_Problem to solve_.
Return exactly the lines of the data below, from the one that contains "hanging glass terrarium" through the final line, and leave out every picture.

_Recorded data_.

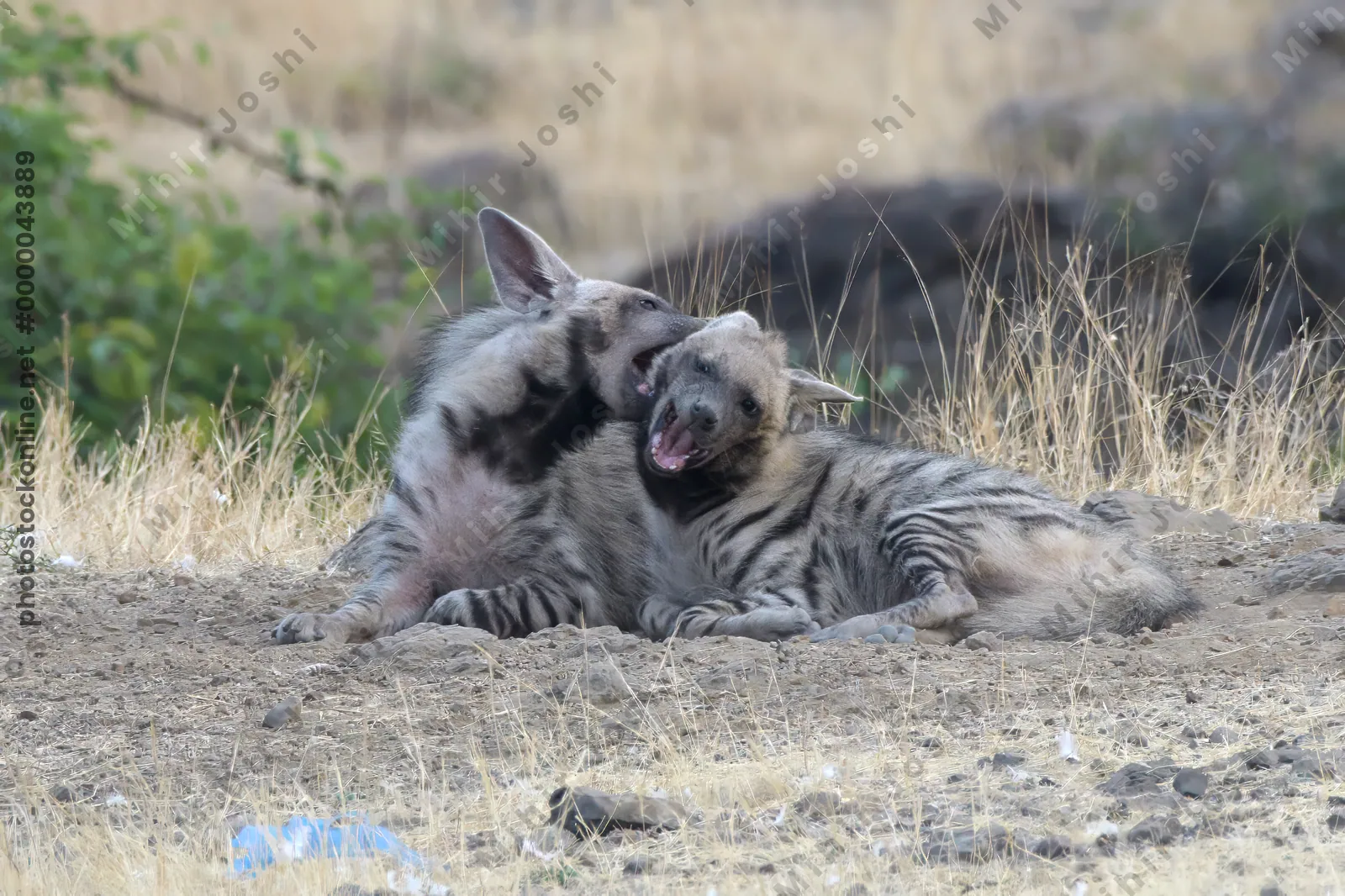 Pair of playful Striped Hyena cubs, Hyaena hyaena in grasslands near Bhigwan, Maharashtra - Indian wildlife behavior scene.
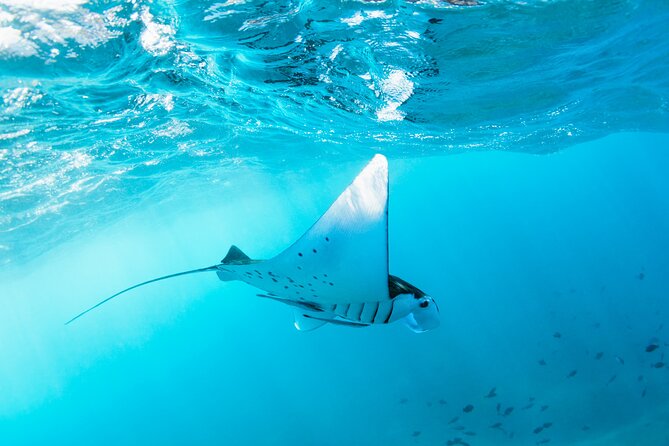 2 Days/1n Trip - Snorkeling With Manta Rays in Lembongan/Penida (All Included) - Transportation Details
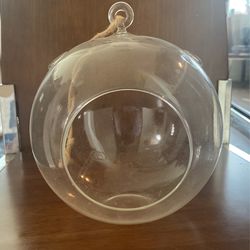 hanging glass terrarium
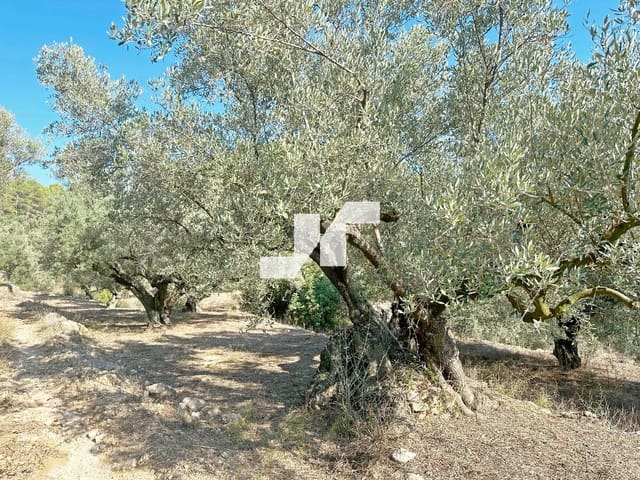 Building Plot for sale in Artana - € 45,000 (Ref: 9279576)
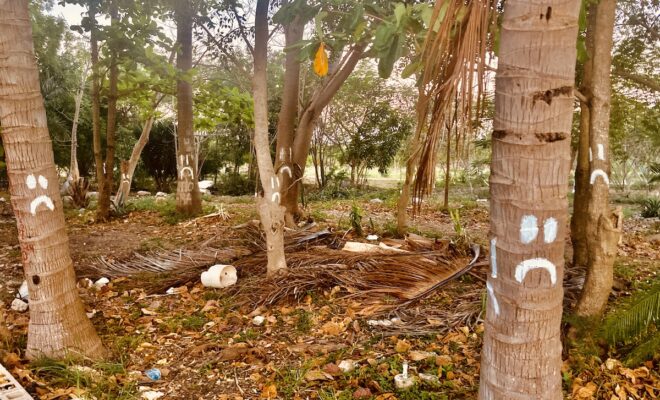 Arboles tristes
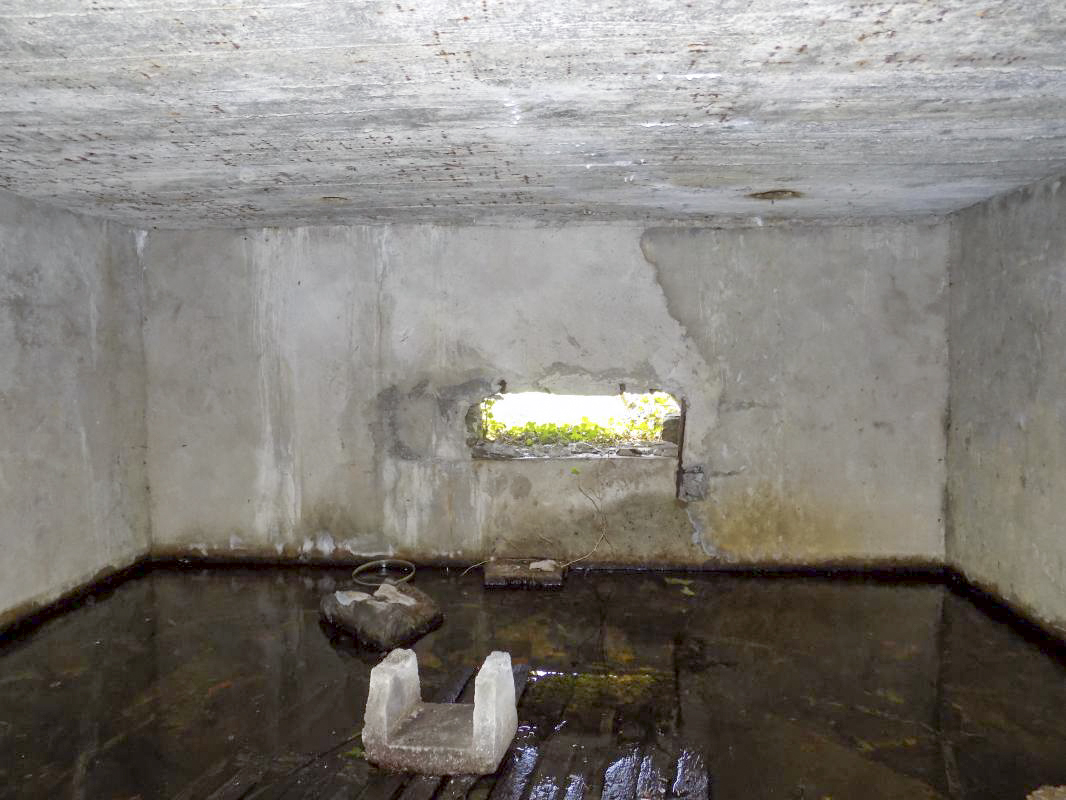 Ligne Maginot - BB49 - LES DAMES DE MEUSE - (Blockhaus pour canon) - Face frontale, créneau AC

_Answer for the task_.
 hanging glass terrarium
 Building Plot for sale in Artana - € 45,000 (Ref: 9279576)
 Arboles tristes
 Ligne Maginot - BB49 - LES DAMES DE MEUSE - (Blockhaus pour canon) - Face frontale, créneau AC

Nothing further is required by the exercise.